■ **Required action**
Would you write out, word for word, each line of the records below from the top through the one holding "Tommy Hilfiger Junior"?

◆ ◆ ◆

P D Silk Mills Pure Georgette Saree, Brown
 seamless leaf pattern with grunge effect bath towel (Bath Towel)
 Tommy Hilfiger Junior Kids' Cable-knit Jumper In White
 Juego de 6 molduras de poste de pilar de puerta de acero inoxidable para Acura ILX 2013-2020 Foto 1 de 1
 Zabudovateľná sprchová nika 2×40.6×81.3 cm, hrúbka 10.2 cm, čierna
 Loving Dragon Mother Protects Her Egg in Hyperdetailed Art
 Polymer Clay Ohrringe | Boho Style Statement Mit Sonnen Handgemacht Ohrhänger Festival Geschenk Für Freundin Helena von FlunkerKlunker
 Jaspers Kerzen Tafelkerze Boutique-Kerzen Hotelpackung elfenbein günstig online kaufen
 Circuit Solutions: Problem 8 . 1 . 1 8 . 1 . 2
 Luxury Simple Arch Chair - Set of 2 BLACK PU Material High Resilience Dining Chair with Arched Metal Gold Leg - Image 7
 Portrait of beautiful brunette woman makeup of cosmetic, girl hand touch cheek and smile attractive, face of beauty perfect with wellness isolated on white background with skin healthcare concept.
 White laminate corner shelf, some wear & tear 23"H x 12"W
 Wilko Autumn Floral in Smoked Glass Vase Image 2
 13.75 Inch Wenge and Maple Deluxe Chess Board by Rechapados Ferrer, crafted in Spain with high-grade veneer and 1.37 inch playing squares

◆ ◆ ◆

■ **Output below**
P D Silk Mills Pure Georgette Saree, Brown
 seamless leaf pattern with grunge effect bath towel (Bath Towel)
 Tommy Hilfiger Junior Kids' Cable-knit Jumper In White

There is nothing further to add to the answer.